____ EXTRACTED MATERIAL

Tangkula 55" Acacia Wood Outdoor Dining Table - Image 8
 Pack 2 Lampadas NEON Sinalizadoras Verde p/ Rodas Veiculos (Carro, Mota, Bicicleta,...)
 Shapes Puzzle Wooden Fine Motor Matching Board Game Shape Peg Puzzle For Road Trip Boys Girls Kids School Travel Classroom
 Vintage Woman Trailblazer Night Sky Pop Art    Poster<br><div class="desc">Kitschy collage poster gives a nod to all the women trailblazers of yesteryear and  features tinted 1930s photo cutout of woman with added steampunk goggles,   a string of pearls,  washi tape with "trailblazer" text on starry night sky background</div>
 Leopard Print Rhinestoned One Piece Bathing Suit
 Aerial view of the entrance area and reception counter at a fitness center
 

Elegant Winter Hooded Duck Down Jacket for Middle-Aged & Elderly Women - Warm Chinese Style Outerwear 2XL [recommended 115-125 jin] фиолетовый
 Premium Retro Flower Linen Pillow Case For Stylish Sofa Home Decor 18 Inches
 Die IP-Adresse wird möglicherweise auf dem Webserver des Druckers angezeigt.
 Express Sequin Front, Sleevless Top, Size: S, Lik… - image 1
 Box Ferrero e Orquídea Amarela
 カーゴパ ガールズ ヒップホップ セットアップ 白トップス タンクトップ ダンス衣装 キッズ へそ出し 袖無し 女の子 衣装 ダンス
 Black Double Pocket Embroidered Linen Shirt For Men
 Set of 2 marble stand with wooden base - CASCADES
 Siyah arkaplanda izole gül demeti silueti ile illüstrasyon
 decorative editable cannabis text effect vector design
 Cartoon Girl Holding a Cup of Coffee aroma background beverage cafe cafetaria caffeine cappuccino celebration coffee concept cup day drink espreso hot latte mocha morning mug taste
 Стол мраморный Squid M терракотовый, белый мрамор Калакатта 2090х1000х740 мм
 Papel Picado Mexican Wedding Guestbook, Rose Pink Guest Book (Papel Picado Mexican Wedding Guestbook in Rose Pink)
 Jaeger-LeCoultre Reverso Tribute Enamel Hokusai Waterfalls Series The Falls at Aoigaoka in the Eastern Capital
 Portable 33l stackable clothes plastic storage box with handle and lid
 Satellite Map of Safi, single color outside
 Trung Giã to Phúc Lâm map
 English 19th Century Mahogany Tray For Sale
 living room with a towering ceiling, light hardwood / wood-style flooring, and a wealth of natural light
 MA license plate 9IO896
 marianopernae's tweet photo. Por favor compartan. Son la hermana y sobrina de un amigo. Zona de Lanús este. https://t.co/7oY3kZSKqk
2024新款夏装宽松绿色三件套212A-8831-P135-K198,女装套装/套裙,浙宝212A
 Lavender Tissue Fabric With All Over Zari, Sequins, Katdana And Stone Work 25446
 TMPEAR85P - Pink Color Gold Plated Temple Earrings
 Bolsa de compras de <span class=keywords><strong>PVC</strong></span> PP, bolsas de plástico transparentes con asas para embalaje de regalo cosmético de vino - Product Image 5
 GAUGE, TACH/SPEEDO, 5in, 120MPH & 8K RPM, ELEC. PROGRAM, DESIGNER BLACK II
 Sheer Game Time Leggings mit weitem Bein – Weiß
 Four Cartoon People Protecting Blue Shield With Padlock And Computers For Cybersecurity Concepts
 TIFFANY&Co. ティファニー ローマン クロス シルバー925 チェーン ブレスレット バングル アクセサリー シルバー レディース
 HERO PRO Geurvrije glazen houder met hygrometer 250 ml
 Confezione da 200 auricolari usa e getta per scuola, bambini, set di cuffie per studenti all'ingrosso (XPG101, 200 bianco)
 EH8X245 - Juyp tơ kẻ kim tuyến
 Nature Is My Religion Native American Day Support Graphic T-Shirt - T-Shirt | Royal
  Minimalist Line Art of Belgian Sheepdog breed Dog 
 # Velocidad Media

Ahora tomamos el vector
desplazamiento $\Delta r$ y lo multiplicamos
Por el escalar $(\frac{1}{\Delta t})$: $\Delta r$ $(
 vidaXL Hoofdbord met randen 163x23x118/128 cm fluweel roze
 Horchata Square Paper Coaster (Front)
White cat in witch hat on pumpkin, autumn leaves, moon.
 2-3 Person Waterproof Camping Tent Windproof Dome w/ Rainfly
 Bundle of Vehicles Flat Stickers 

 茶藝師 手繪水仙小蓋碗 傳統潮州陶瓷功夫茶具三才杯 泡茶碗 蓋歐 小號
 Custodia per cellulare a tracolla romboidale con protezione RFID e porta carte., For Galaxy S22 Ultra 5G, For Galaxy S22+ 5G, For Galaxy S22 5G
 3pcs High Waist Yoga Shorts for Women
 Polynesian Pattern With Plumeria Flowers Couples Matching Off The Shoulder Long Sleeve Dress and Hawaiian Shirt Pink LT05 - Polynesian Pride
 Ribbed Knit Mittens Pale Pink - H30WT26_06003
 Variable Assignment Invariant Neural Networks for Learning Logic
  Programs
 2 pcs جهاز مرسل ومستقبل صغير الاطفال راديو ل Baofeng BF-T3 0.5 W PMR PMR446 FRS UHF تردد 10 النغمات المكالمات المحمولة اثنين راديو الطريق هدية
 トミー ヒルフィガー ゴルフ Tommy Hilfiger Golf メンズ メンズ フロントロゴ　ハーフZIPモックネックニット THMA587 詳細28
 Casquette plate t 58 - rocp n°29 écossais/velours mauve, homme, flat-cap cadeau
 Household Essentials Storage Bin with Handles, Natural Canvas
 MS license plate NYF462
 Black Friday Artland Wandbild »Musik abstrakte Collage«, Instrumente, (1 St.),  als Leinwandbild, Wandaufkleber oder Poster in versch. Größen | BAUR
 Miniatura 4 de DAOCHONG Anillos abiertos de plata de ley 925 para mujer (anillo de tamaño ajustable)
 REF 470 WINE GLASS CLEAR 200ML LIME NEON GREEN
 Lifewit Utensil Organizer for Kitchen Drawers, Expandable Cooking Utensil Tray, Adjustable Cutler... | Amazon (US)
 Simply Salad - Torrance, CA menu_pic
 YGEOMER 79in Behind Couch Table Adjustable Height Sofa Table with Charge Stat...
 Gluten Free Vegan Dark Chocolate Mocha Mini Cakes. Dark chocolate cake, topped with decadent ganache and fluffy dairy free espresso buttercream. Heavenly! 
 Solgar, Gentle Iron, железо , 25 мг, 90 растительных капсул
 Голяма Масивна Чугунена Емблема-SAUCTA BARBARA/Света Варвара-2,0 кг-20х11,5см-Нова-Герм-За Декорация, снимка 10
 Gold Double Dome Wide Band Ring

________

TASK BRIEF. Every line above in which the word "Adjustable" occurs needs to be copied.

WRITTEN SOLUTION.
 Lifewit Utensil Organizer for Kitchen Drawers, Expandable Cooking Utensil Tray, Adjustable Cutler... | Amazon (US)
 YGEOMER 79in Behind Couch Table Adjustable Height Sofa Table with Charge Stat...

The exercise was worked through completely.